Man, this post had me really confused for a while. When you said *Corsair* and *vintage* and *plane* in the same sentence, my brain was stuck on the famous WWII fighter plane. Then, upon re-reading I picked up on the #4 and plane. Totally different thing. Funny how the brain works.


----------



## ringore (Apr 14, 2011)

Yeah, sorry about that. It did make it tough to google as well, I kept getting info on airplanes or wood model airplanes. I did find a little out about them. The company is Great Neck Tools.


----------



## DaleM (Feb 18, 2009)

I have one that had belonged to my Father-in-law along with a few other planes. It works okay, but is not considered to be worth much. I found some info on it once, but I can't remember where. I figured out mine was made sometime in the 60s.
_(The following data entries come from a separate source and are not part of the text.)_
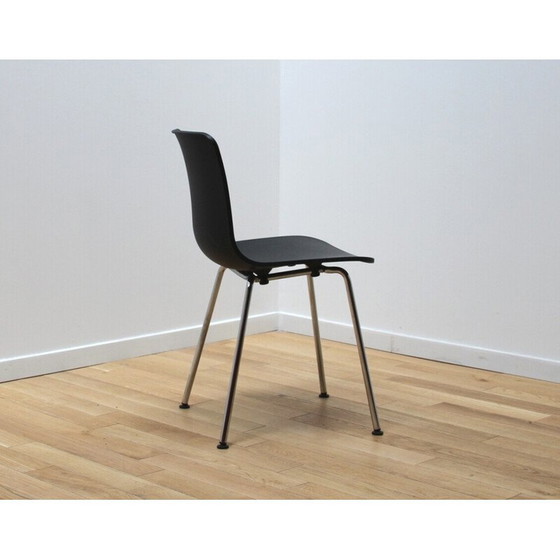 Image 1 of Paire de chaises Vitage "Hal" en aluminium chromé et plastique noir par Jasper Morrison pour Vitra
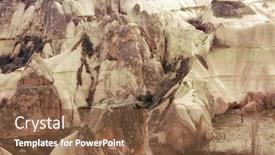  Presentation with cappadocia - Amazing slide deck having rocky-landscape-of-old-town backdrop and a tawny brown colored foreground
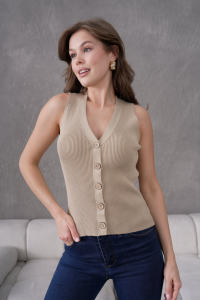 Stylish Casual <b>Women's</b> Corduroy Knitted Vest Winter Cotton Outer Wear with Button Decoration <b>Waistcoat</b> Length - Product Image 6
If yours looks like the one in this pic, (second plane from the left) it's probably around the same age. Also, the block plane blade was already in the shoulder plane when I got it in case you're wondering why that one looks weird.


----------



## Loren (May 30, 2008)

I think they are handyman-grade planes. Check to see if the
frog is machined iron or stamped and formed steel. The machined
ones are better.


----------



## DaleM (Feb 18, 2009)

The Corsair I have, in the pic above, definitely does not have a stamped frog, but it appears to be cast rather than machined. Either way, it is a solid worker plane, but does have more play in the adjustments than I would like.


----------